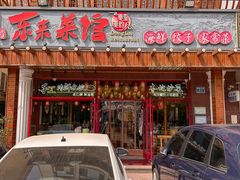 -东来菜馆•手抓海鲜家常菜•海鲜锅贴(鸽子窝店)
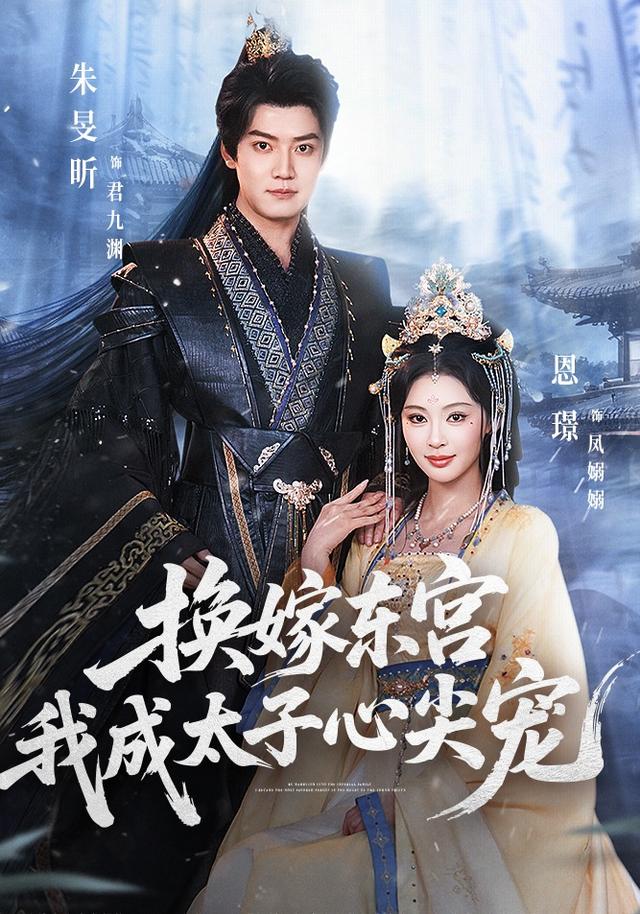 换嫁东宫,我成太子心尖宠(101集)朱旻昕&恩璟-免费短剧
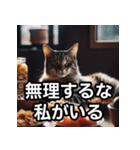 シュールなスナック猫2（個別スタンプ：7）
----
• _What the task asks_: What you return should be the full listing, unchanged, minus the pictures.

• _Answer box_:
 -东来菜馆•手抓海鲜家常菜•海鲜锅贴(鸽子窝店)
 换嫁东宫,我成太子心尖宠(101集)朱旻昕&恩璟-免费短剧
 シュールなスナック猫2（個別スタンプ：7）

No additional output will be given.